Thursday 30 August 2018

Improve your Lean with some Six Sigma (and vice versa)

With the advent in recent times of a combined lean and six sigma approach to continuous improvement efforts, one might think that the dilemma of which methods to choose has been resolved. However, confusion still exists over how to move forward with a combined approach to Lean and Six-Sigma.
Six Sigma Myths



First, why a combined approach to Lean and Six-Sigma?


Isn't lean or six sigma good enough on its own? Not in all cases by my experience. Every problem is like a snowflake, unique, with some similarities to other problems but still, unique. For some types of problems 6 sigma is good enough all on its own, those types of problems are typically variation related issues. For other types of problems, lean is fine, those are typically waste related issues.
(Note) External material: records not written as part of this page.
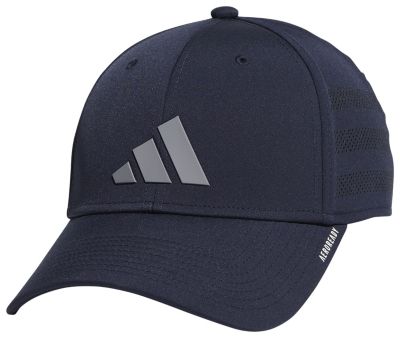 adidas Men's Gameday 4 Stretch Fit Hat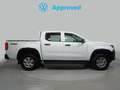 Volkswagen Amarok 2.0TDI V4 125kW Blanco - thumbnail 2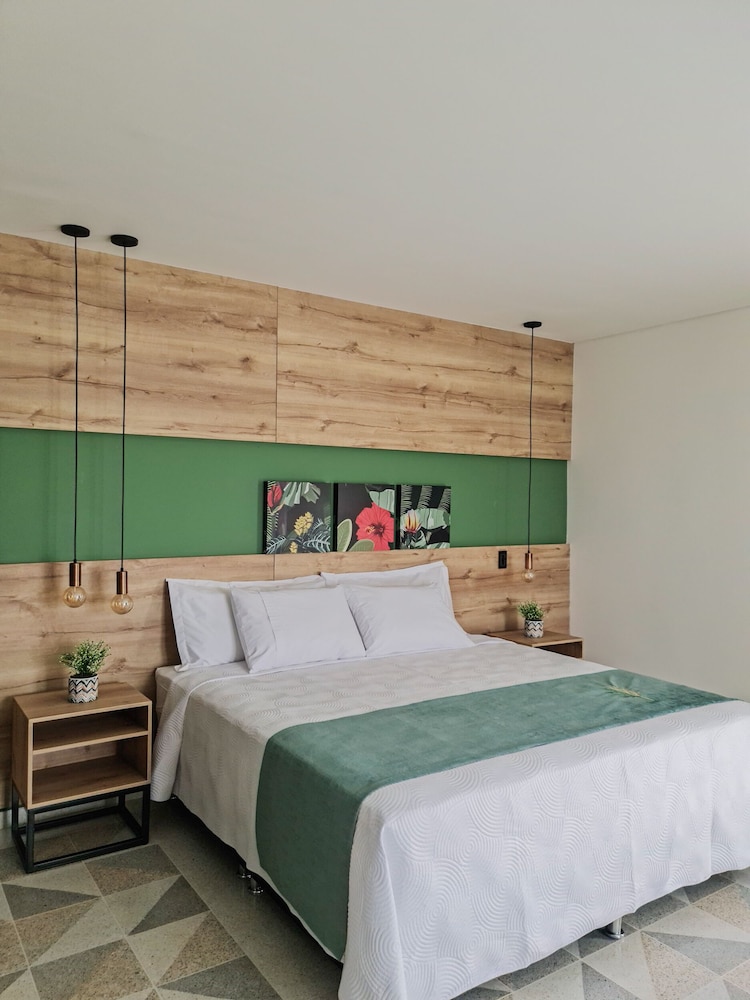 Hotel Arboreo Doradal 12/45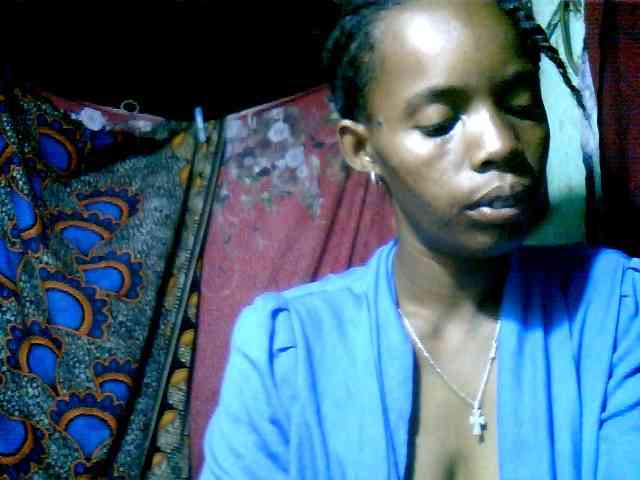 Fanihsexy webcam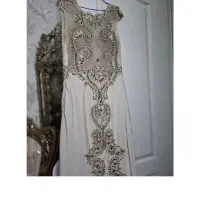 مانتو و لباس مجلسی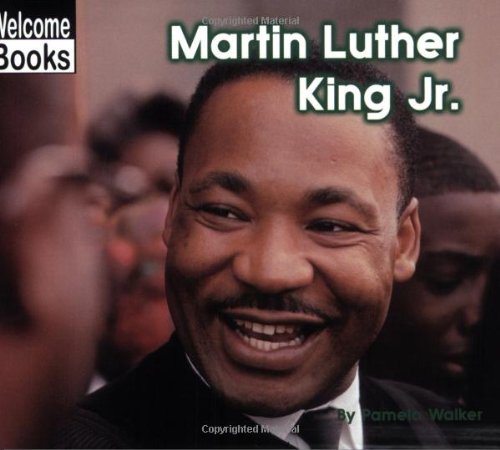 Martin Luther King, Jr. (Real People)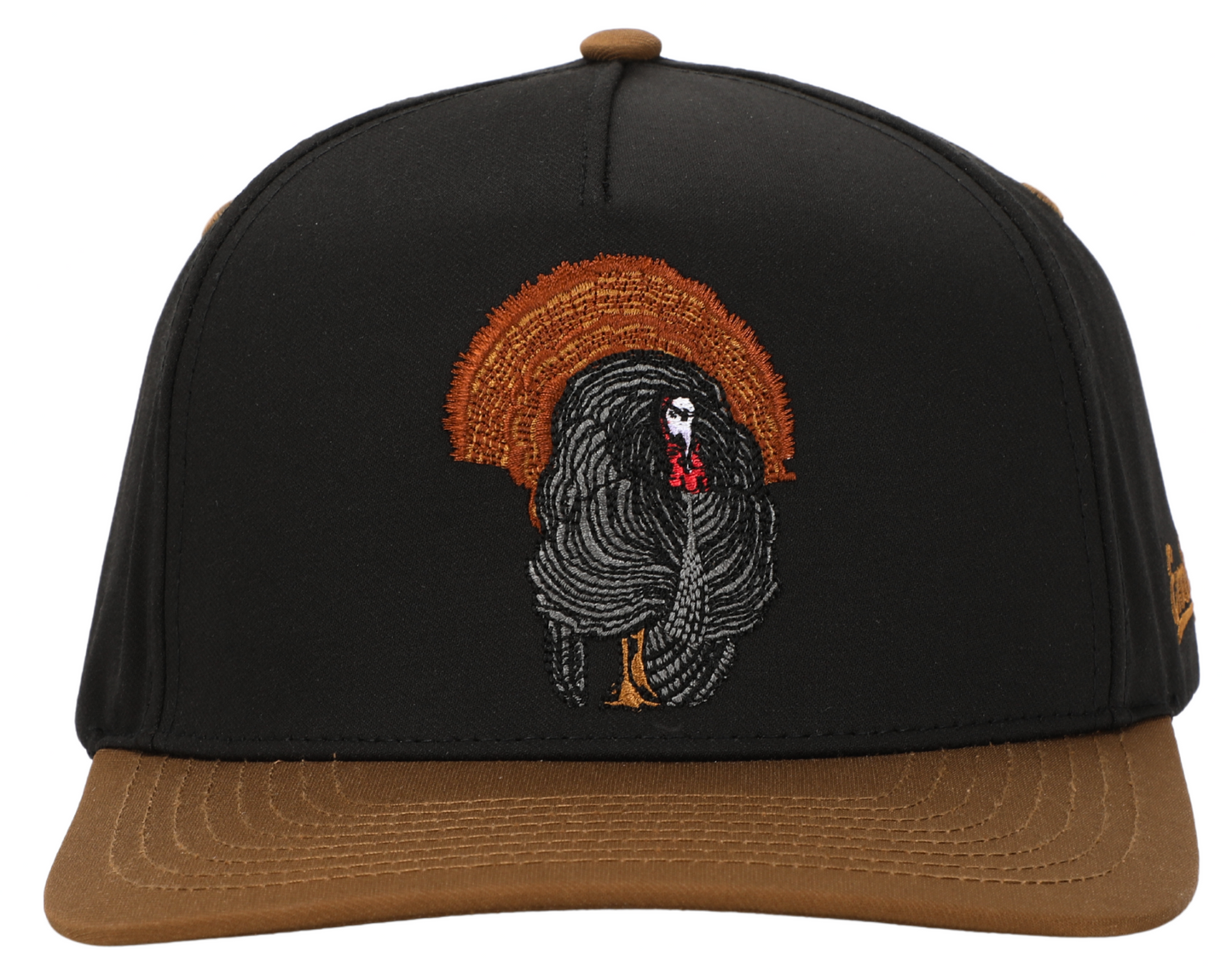 Black/Brown - Turkey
Combining them together leaves nothing on the table in terms of improvement opportunities. Lean and 6 Sigma each complement weaknesses in the other method. For instance, Lean is weak in the area of data based analysis and decision making, this is a strength of Six-Sigma. 6 Sigma is a top down driven improvement approach, which risks not involving the right people in solving the problem, lean compliments this by being driven bottoms up, ensuring the process users are involved in the improvement.



Add some lean to your 6 sigma to your lean.


In studying both Lean and Six-sigma, we find that they operate on multiple levels. Lean and 6 Sigma are at once, a tool set, a methodology, and a culture. Much hand wringing has occurred over the question of creating another initiative when a 6 sigma or lean culture already exists.

Concerns usually center on creating confusion in the ranks. Avoid this confusion by folding the supporting tools and method into your existing improvement culture.

The Lean tools


If 6 sigma is your way of working, incorporate lean tools into the method to capture waste in addition to the variation reduction. If you have a Lean culture, add the 6 sigma data gathering and analysis tools and steps to your lean to strengthen your decision making.

I  led a couple of projects that are good examples demonstrating the idea of combining approaches to achieve the best results. Without going into much detail on them I can share that in the first project we improved process accuracy by over 40% while reducing cycle time from 45 to 19 days.

6 sigma approaches


This project can be reviewed here for those interested in more detail. In the other project we reduced cycle time by 40 hours through using regression statistics to identify what equipment was producing the longest cycle times, then apply lean concepts to improve them.

The point here is that combining lean and 6-sigma approaches together improves results by reducing variation and reducing waste at the same time. This is the best use of our precious improvement resources, gaining the maximum benefit for the time and effort spent focused on a particular problem.